Während der Rückblicke konnte ich im Großen und Ganzen immer eine Verbindung zwischen Maurice und den genannten Figuren herauslesen. Mir fehlte es daher nicht an Emotionen, zumal viele Reaktionen, zum Beispiel auf Verluste eines geliebten Menschen, recht realistisch dargestellt werden und man merkt, dass sich der Protagonist anhand dessen auch versucht ein wenig selbst zu analysieren. Wie hätte er ein besseres Elternteil oder besserer Ehemann sein können, wenn ihm vielleicht die Vorbilder gefehlt haben? Man fühlt daher mit ihm mit, kritisiert ihn aber auch genauso oft für gewisse Dinge, was er selbst aber auch beabsichtigen möchte. Leider fand ich, so gut es sicher gemeint war und es auch ab und an durch Sadie, Maurices Ehefrau angemerkt wurde, dass einige Ausdrücke in Bezug auf Noreen, Sadies Schwester, unglücklich gewählt waren. Hier hätte ich mir eine kritische Behandlung des Themas gewünscht, wenn es schon an den Leser herangetragen wird.

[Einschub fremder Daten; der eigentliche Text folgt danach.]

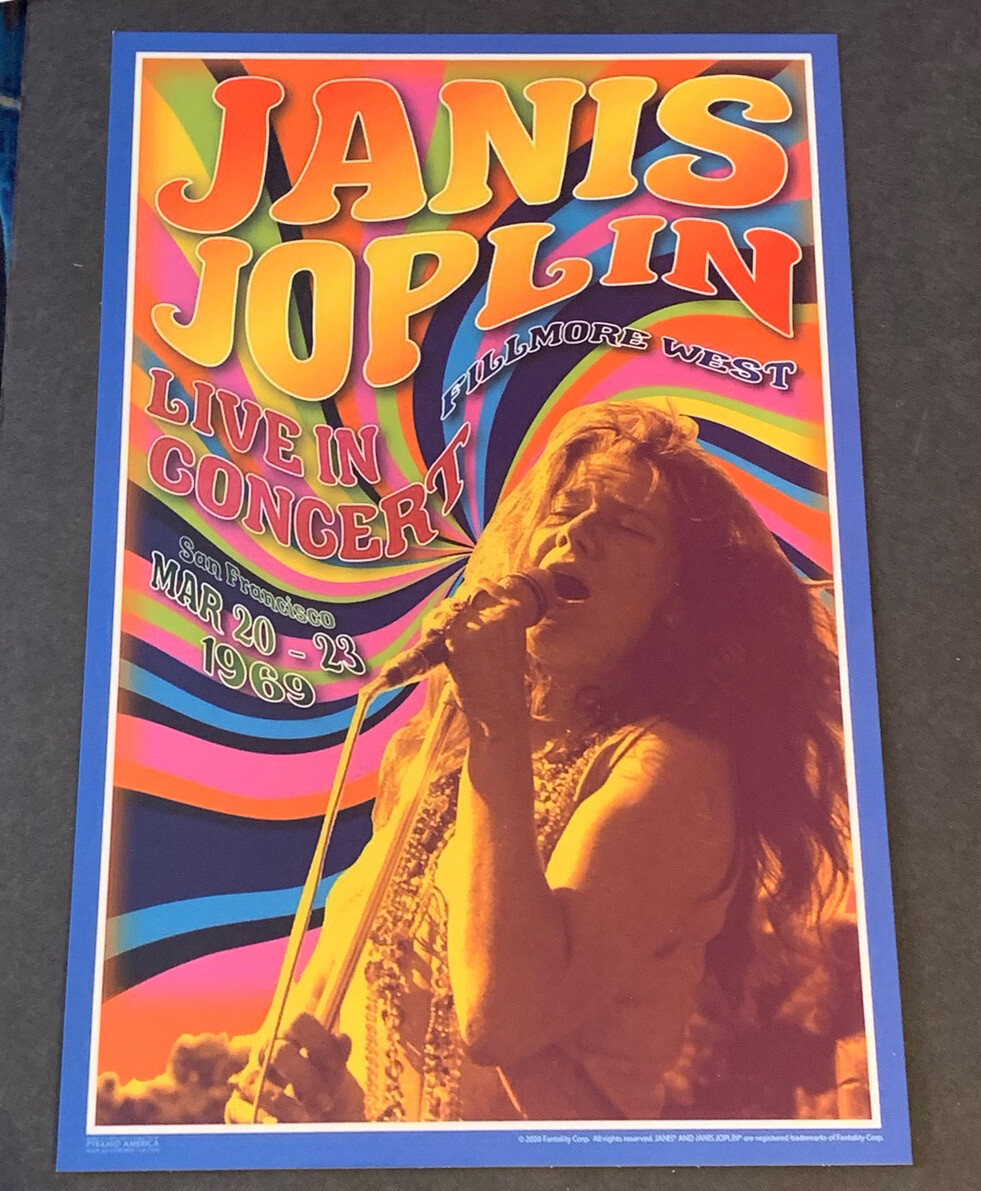 Janis Joplin 7.8×11.8 Glossy Poster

Für mich war es spannend zu sehen, dass ich das Geschriebene schnell gelesen habe, was heißen soll, dass man sich nicht lange mit dem Text selbst befasst. Man hat den Eindruck, als könnte man es schnell "weg lesen". Allerdings haben es manche Aussagen und Situationen doch in sich. Es geht um schwere Familienkrisen, Streitereien, Lügen, Vorwürfe, an denen manche zerbrechen und auch um Überlegungen des Suizids. Das sollte man durchaus wissen, wenn man zu dem Buch greift. Auch wenn es anfangs und auch zwischendurch locker wirkt, sind die Inhalt für manche wahrscheinlich nicht so leicht zu ertragen und zu lesen.
Was mich auch zu dem Zwiespalt bringt, mit dem ich dem Buch gegenüberstehe. Einige Lösungen und Überlegungen hinsichtlich der Figuren fand ich etwas zu "freudig" dafür, was es wirklich bedeutet. Es werden positive Dinge mit Handlungen assoziiert, die, wenn man wirklich darüber nachdenkt, nicht nur für die ausführende Person problematisch sind, sondern auch für diejenigen, die ebenfalls dadurch in ihrem Leben eine erneute, wahrscheinlich negative, Entwicklung verbinden. So sehr ich eigentlich schätze, dass sich das Buch mit den schwierigen Seiten des Lebens befasst und Fragen hinsichtlich der jungen Fehltritte im Leben, wie auch der Schwierigkeiten im Alter - überwiegend Einsamkeit - aufwirft, konnte ich mich mit einigen Umsetzungen und den damit verbundenen, ausgelösten Gefühlen und Gedanken, nicht immer anfreunden.


Hat durchaus gute Überlegungen hinsichtlich der Fehler, die man sich im eigenen Leben vergeben wollen würde und dem Versuch, mit ihnen abzuschließen. Die Verbindung zwischen der zu Beginn genannten Goldmünze und der Familiengeschichte des Protagonisten fand ich geglückt, da alles stimmig schien und auch die Rückblicke selbst haben emotionale Kapitel vorzuweisen. Auch die angesprochenen Themen rund um das Altwerden an sich und die damit oftmals eintretende Einsamkeit finden hier gute Ansätze. Leider konnte mich das Buch durch gewisse Lenkungen hinsichtlich des Endes nicht überzeugen. Da sind mir doch zu wichtige Themen, mit zu einfachen, scheinbar glücklichen Lösungen ausgegeben worden. Zwar soll dies den Leser am Ende noch einmal besonders in gefühlvolle Emotionslagen versetzen, ich hingegen blieb mit der Frage zurück, ob diese Sichtweise nicht viel zu problematisch ist. So gerne ich Maurice an dem Bartisch auch zugehört (und seinen Schmerz, wie auch seine Freuden mitgefühlt) habe, konnte ich nicht allen Umsetzungen der Geschichte etwas abgewinnen.